DEFICIENCIES A deficiency is an instance of noncompliance with licensing requirements, including applicable statutes, regulations, interim licensing standards, operating standards, and written directives. Applicants/ licensees must be notified in writing of all licensing deficiencies. Deficiencies are listed on the left side of this form, and the applicable licensing requirement upon which the deficiency is identified. There are two types of deficiencies:
  • Type A deficiencies are violations of licensing requirements that, if not corrected, have a direct and immediate risk to the health, safety, or personal rights of persons in care.
  • Type B deficiencies are violations of licensing requirements that, without correction, could become a risk to the health, safety, or personal rights of persons in care, a recordkeeping violation that could impact the care of said persons and/or protection of their resources, or a violation that could impact those services required to meet the needs of persons in care.

PLANS OF CORRECTION (POCs) The licensing agency is required to establish a reasonable length of time to correct a deficiency. In order to set the time, the licensing agency must take into consideration the seriousness of the violation, the number of persons in care involved, and the availability of equipment and personnel necessary to correct the violation. Applicants/licensees are requested to provide a specific plan for each violation on the right side of the form across from each deficiency. The more specific the plan, the less chance exists for any misunderstanding in setting time limits and reviewing corrections. The applicant/licensee who encounters problems beyond their control in completing the corrections within the specified time frame may request and may be granted an extension of the correction due date by the licensing agency.

CORRECTION NOTIFICATION The applicant/licensee is responsible for completing all corrections and promptly notifying the licensing agency of corrections. Applicants/licensees are advised to keep a dated copy of any correspondence sent to the licensing agency concerning corrections, or if corrections are telephoned to the licensing agency, the date, person contacted, and information given.

CIVIL PENALTIES The licensing agency is required by law to issue a Penalty Notice, when applicable, to all facilities holding a license issued by the licensing agency, or subject to licensure, except Certified Family Homes, Resource Families, and Foster Family Homes, or any governmental entity.

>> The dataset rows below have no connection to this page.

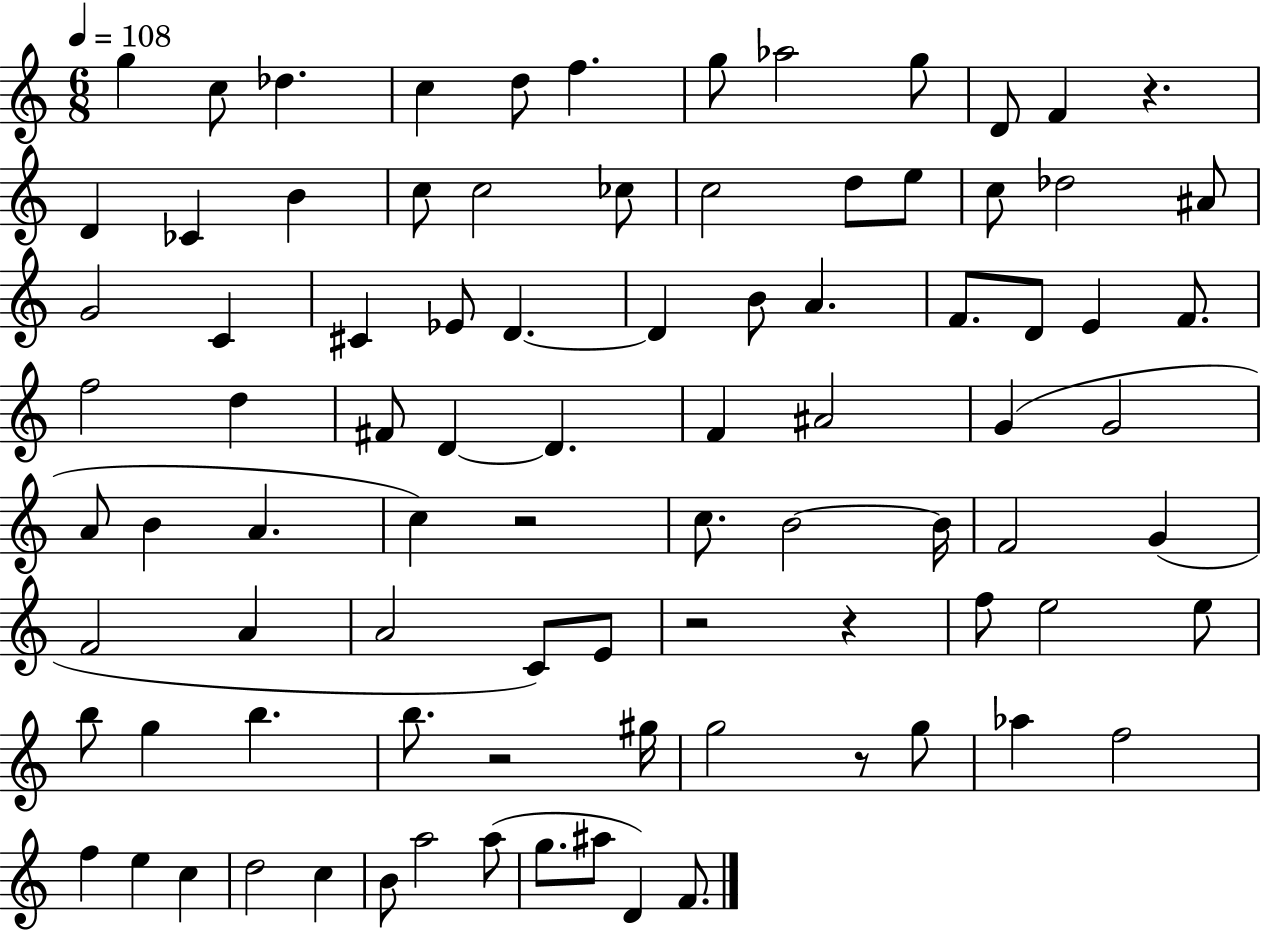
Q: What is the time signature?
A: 6/8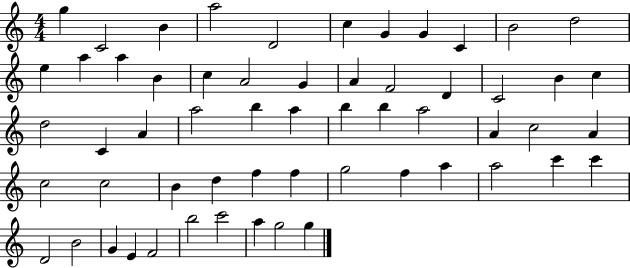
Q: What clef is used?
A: treble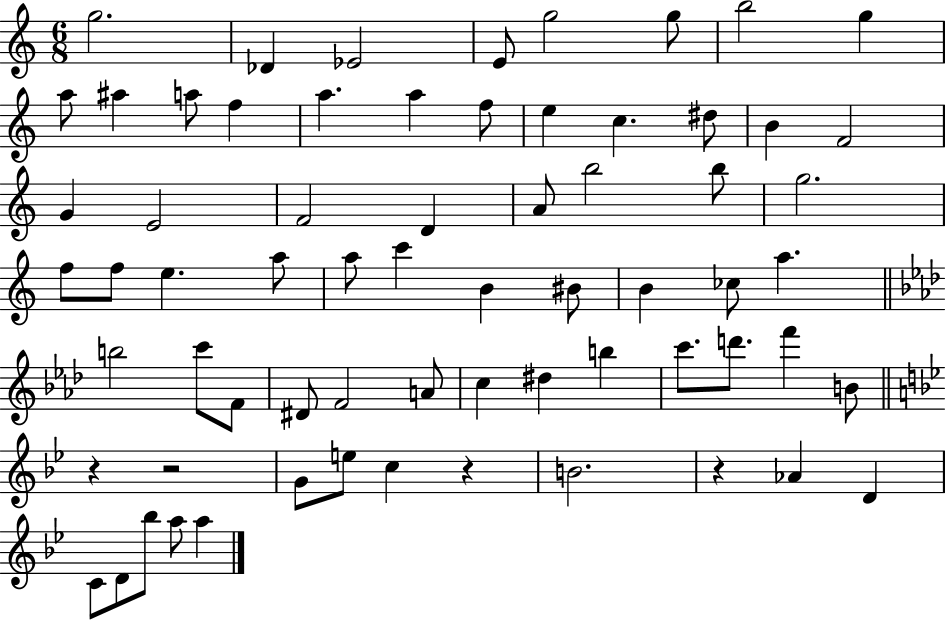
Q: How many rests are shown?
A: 4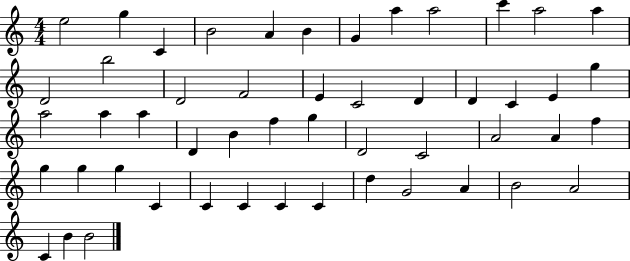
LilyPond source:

{
  \clef treble
  \numericTimeSignature
  \time 4/4
  \key c \major
  e''2 g''4 c'4 | b'2 a'4 b'4 | g'4 a''4 a''2 | c'''4 a''2 a''4 | \break d'2 b''2 | d'2 f'2 | e'4 c'2 d'4 | d'4 c'4 e'4 g''4 | \break a''2 a''4 a''4 | d'4 b'4 f''4 g''4 | d'2 c'2 | a'2 a'4 f''4 | \break g''4 g''4 g''4 c'4 | c'4 c'4 c'4 c'4 | d''4 g'2 a'4 | b'2 a'2 | \break c'4 b'4 b'2 | \bar "|."
}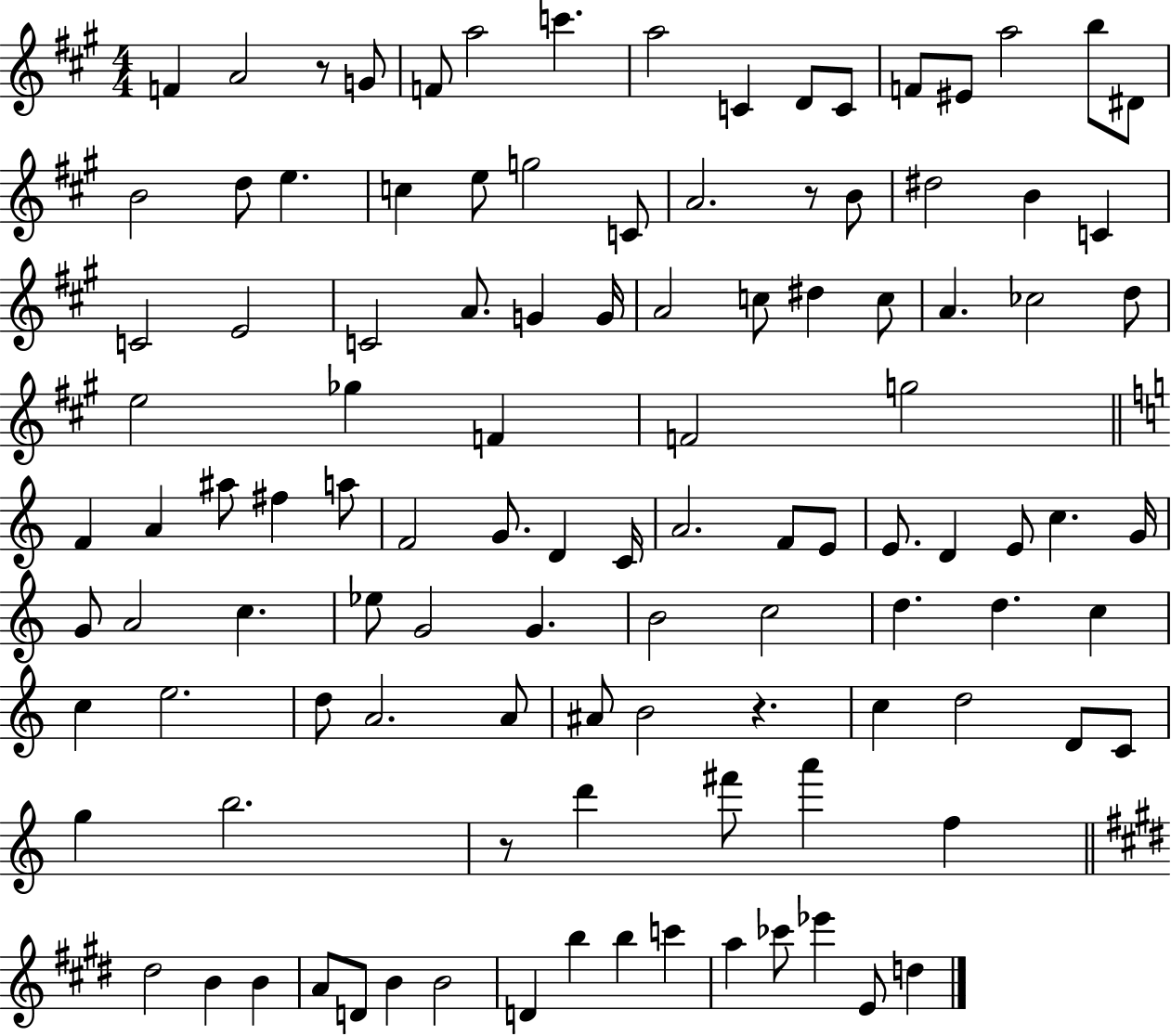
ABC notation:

X:1
T:Untitled
M:4/4
L:1/4
K:A
F A2 z/2 G/2 F/2 a2 c' a2 C D/2 C/2 F/2 ^E/2 a2 b/2 ^D/2 B2 d/2 e c e/2 g2 C/2 A2 z/2 B/2 ^d2 B C C2 E2 C2 A/2 G G/4 A2 c/2 ^d c/2 A _c2 d/2 e2 _g F F2 g2 F A ^a/2 ^f a/2 F2 G/2 D C/4 A2 F/2 E/2 E/2 D E/2 c G/4 G/2 A2 c _e/2 G2 G B2 c2 d d c c e2 d/2 A2 A/2 ^A/2 B2 z c d2 D/2 C/2 g b2 z/2 d' ^f'/2 a' f ^d2 B B A/2 D/2 B B2 D b b c' a _c'/2 _e' E/2 d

PENALTY NOTICE GIVEN The statement concerning civil penalties serves as a penalty notice on this Licensing Report and failure to correct cited licensing deficiencies will result in civil penalties. Applicants/ licensees are required to pay civil penalties when administrative appeals have been exhausted and in accordance with any payment arrangements made with the licensing agency.

APPEAL RIGHTS The applicant/licensee has a right without prejudice to discuss any disagreement in this report with the licensing agency concerning the proper application of licensing requirements. The applicant/ licensee may request a formal review by the licensing agency to amend or dismiss the notice of deficiency and/ or civil penalty. Requests for review shall be made in writing within 15 business days of receipt of a deficiency notification or civil penalty assessment. Licensing deficiencies may be appealed pursuant to the procedures in the LIC 9058 Applicant/Licensee Rights.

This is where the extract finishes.